| Task to carry out |
Since only part of the material below is wanted, output exactly the lines from the one with "Original bulletin entry for EXPEDIA" up to and including the one with "Watercolor Daisy Blume Karte (Vorderseite)".

| The records |

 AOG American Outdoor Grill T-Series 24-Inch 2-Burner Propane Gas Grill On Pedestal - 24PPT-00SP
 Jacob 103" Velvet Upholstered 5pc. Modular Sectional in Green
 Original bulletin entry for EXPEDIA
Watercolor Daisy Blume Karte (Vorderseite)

...

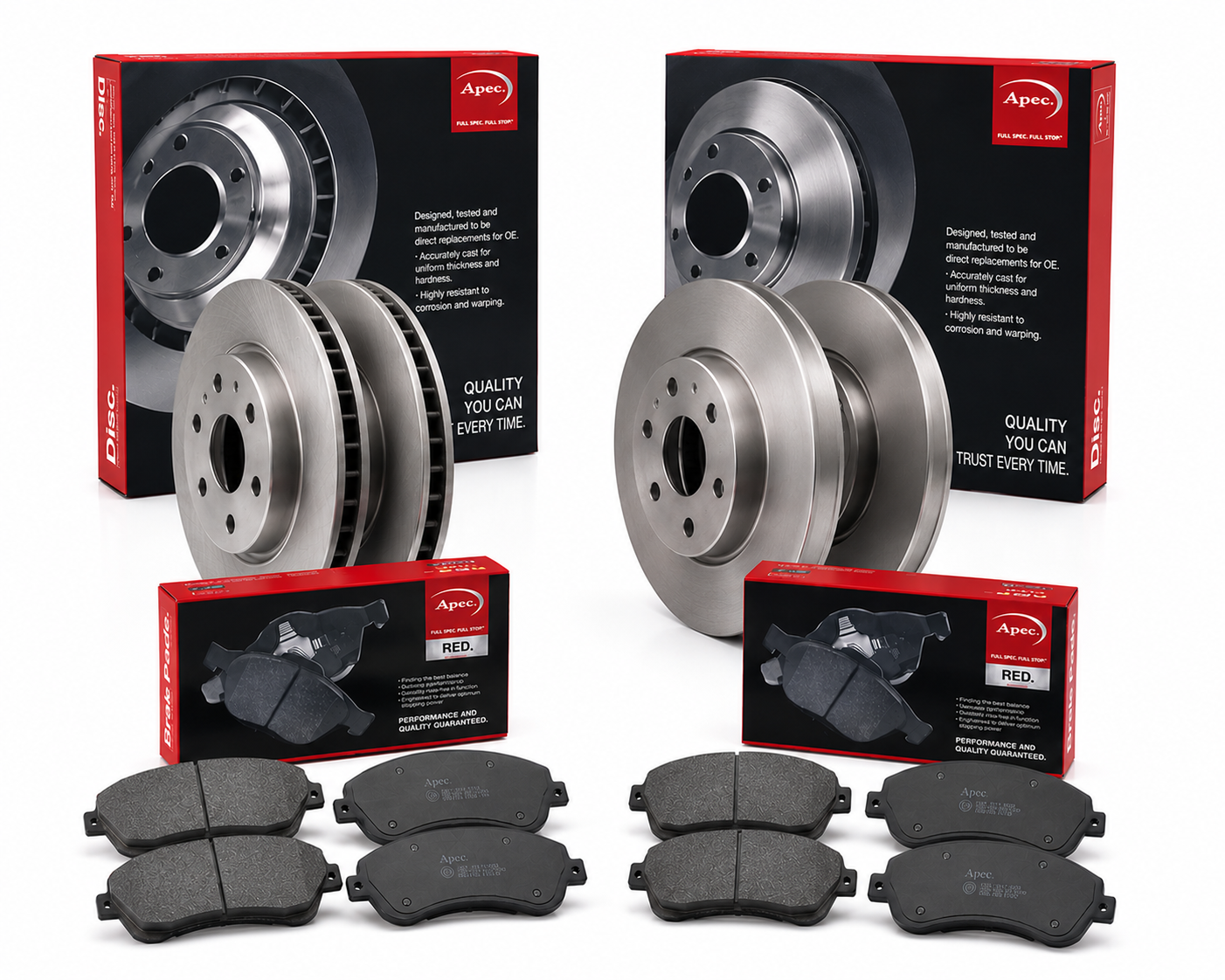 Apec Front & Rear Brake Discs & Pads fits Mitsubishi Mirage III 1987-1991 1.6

| Final answer |
 Original bulletin entry for EXPEDIA
Watercolor Daisy Blume Karte (Vorderseite)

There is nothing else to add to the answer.